PROVIDED DATA section start

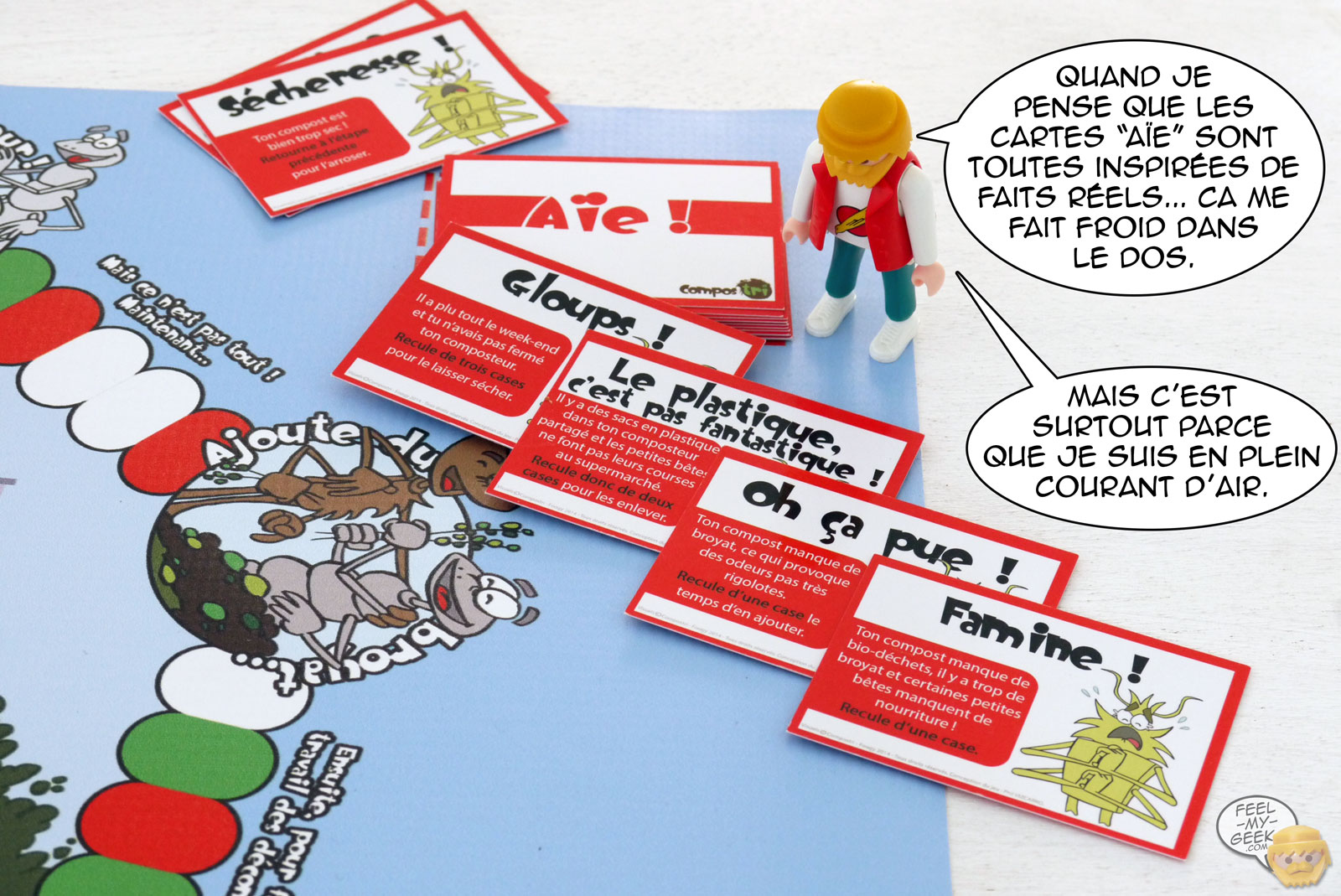 Jeux de société à faire en couple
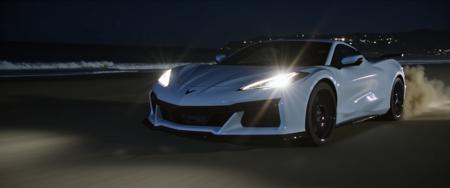 Contemporary High End Car Commercial Style Flux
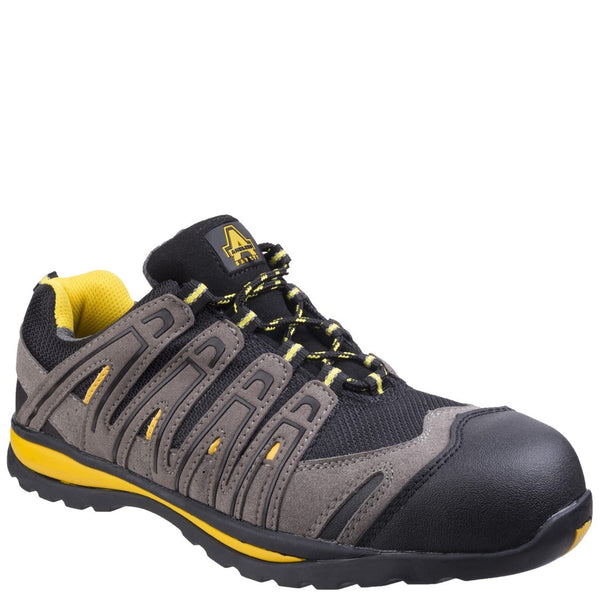 FS42C S1P SRC Safety Trainers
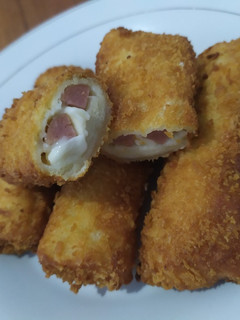Foto resep Risol Mayo Roti Tawar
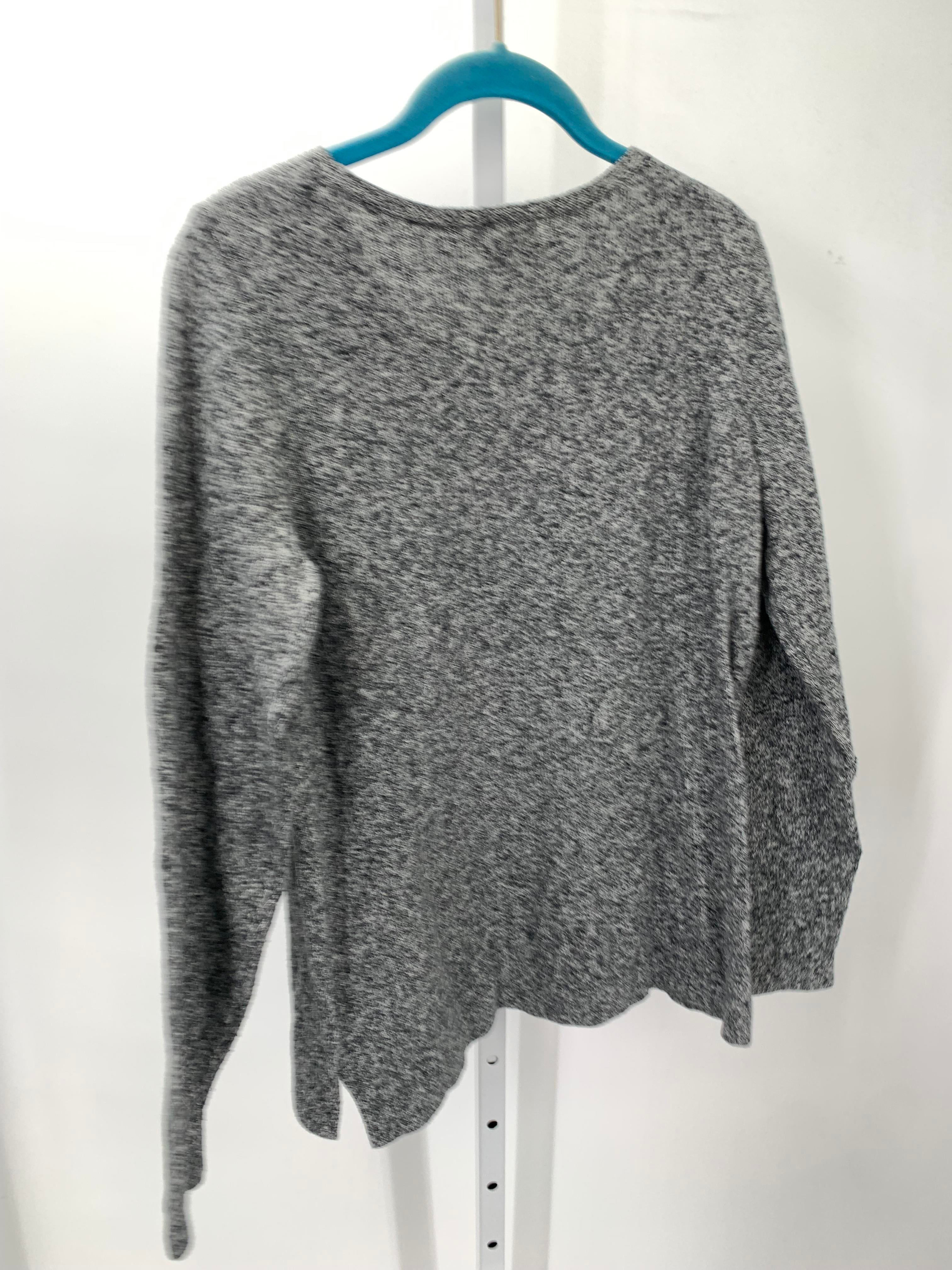 Old Navy Size Large Misses Long Slv Sweater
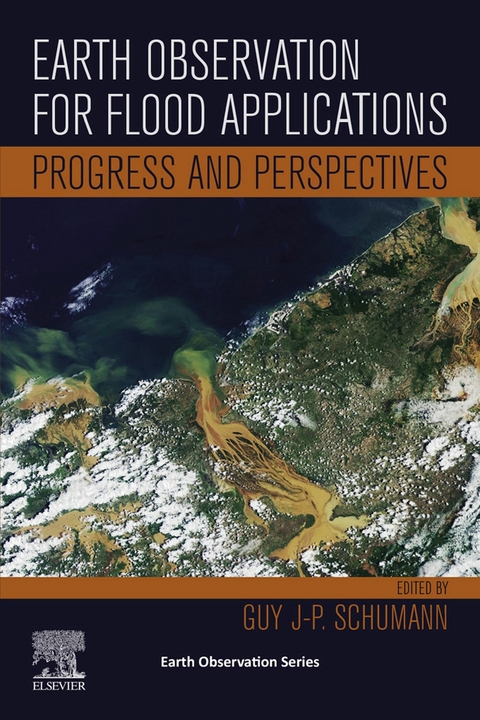 Earth Observation for Flood Applications -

PROVIDED DATA section end

Excluding all pictures, output exactly the lines from the line containing "Contemporary High End" through the last line of the entries above.

• [OUTPUT OF THE TASK]
 Contemporary High End Car Commercial Style Flux
 FS42C S1P SRC Safety Trainers
Foto resep Risol Mayo Roti Tawar
 Old Navy Size Large Misses Long Slv Sweater
 Earth Observation for Flood Applications -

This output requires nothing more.